Depois que se instalaram no poder com toda truculência (vale lembrar a humilhação e tortura públicas do lendário dirigente comunista Gregório Bezerra, mundialmente repudiadas) e abusaram das arbitrariedades para adequarem o cenário político a seus desígnios, os golpistas sentiram-se seguros para se comportarem como   déspotas esclarecidos  por uns tempos. Mas, já na repressão bestial às  setembradas  de 1967 a máscara caiu.
 
Da mesma forma, as artes e o pensamento só foram poupados do obscurantismo enquanto os Torquemadas ainda não haviam aquilatado sua  periculosidade. Quando a ficha lhes caiu, impuseram uma censura tão furibunda quanto ridícula (pelas intervenções desastradas em assuntos muito além de sua capacidade de compreensão).
 
O “fechamento do regime” – eufemismo para o estabelecimento no Brasil de um totalitarismo comparável ao da Alemanha nazista – criou, sim, uma situação em que “não havia outro meio de resistir à ditadura, a não ser pela força”.
 
Com o Legislativo e o Judiciário de mãos atadas, a suspensão do direito de habeas-corpus e a  licença para torturar  durante 30 dias (prazo de incomunicabilidade que, aliás, os verdugos ultrapassavam a bel-prazer, no meu caso foram 75 dias), o trabalho de massas se tornou suicida para os que o realizavam de peito aberto; e inócuo, no caso dos cautelosos que recorriam a expedientes como o de deixar panfletos nos banheiros de cinemas, restaurantes e locais de trabalho, sem nenhum resultado concreto).
 
Então, militantes do movimento de massas que não se deixaram intimidar pelo terrorismo de estado, direcionaram-se maciçamente, a partir da assinatura do AI-5, para a luta armada, com os resultados trágicos que todos conhecemos.
 
Aquele famigerado 13 de dezembro foi um divisor de águas.

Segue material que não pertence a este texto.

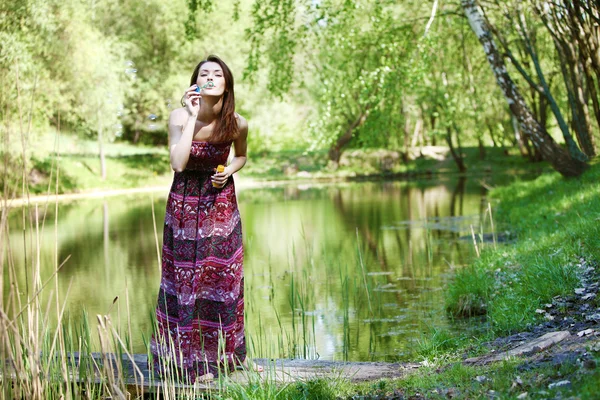 Schöne junge Frau — Stockfoto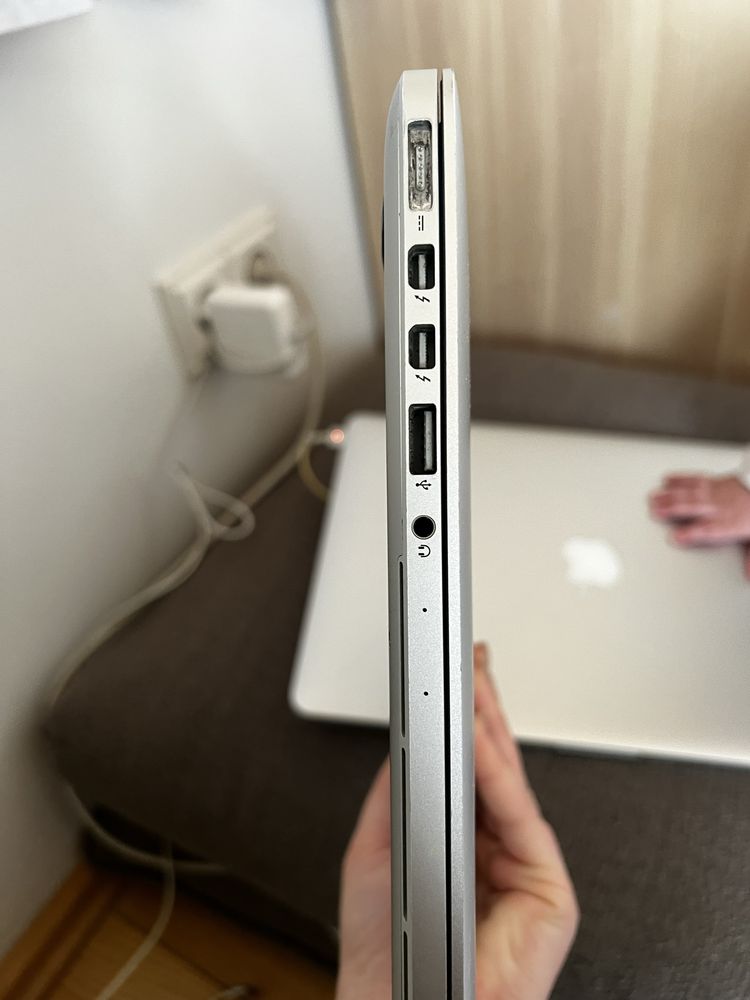 MacBook Pro A1502 8Gb i5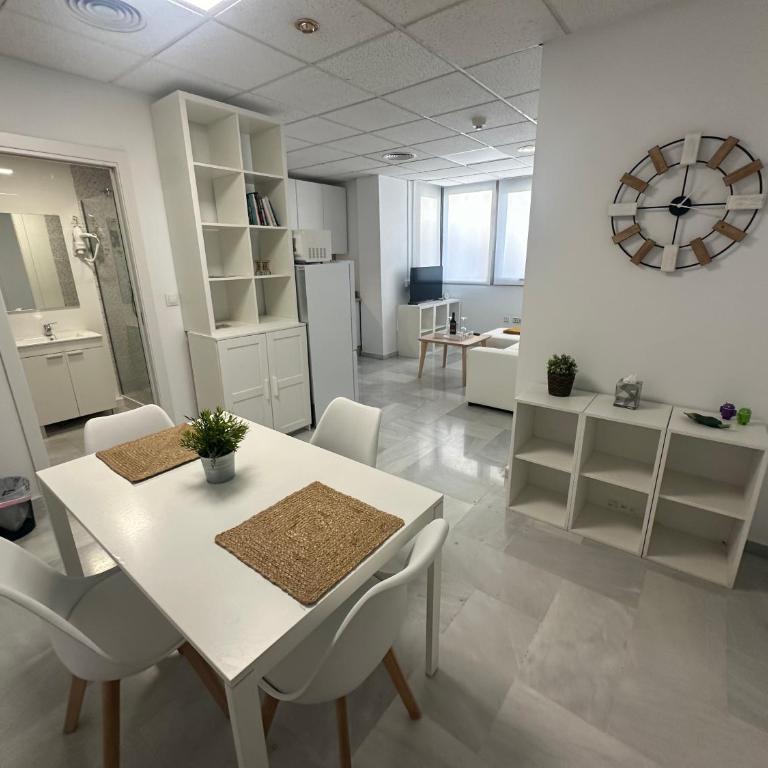 Apartamento Moderno Soho - Nuevo! En el centro y cerca de la playa!Parking gratuito! - Apartamento de 1 dormitorio - 6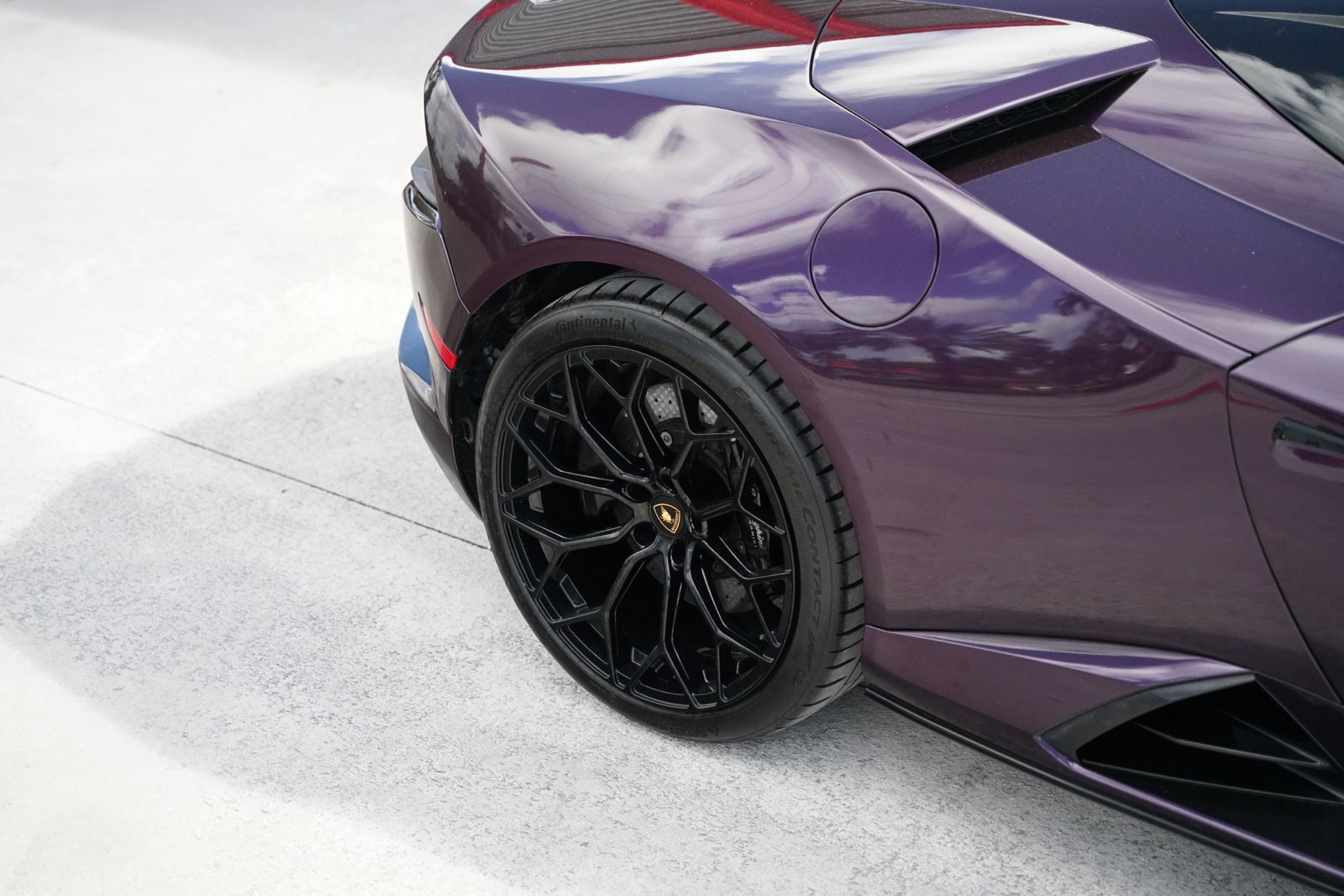 Used 2022 Lamborghini Huracan EVO RWD image 11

Dali em diante, a ditadura passou a ter como derradeira adversária a vanguarda armada e nela concentrou seu poder de fogo imensamente superior, até aniquilá-la com torturas e assassinatos (incluindo um sem-número de execuções de resistentes rendidos e indefesos).
 
A simplificação dessa história equivale à sua desfiguração – e o professor Villa sabe muito bem disso. Acreditou que ninguém percebesse a  falácia  por ele cometida ao estender aos contingentes que ingressaram na luta armada a partir do AI-5 as acusações que faz aos pioneiros.
 
E mesmo com estes foi injusto, ao omitir que os de origem militar foram privados de suas carreiras, perseguidos e levados ao desespero pelo arbítrio instaurado no País, não sendo de estranhar, portanto, que acabassem optando por ações desesperadas.
 
Até para reescrever a história é necessário algum talento. Apenas má fé não basta.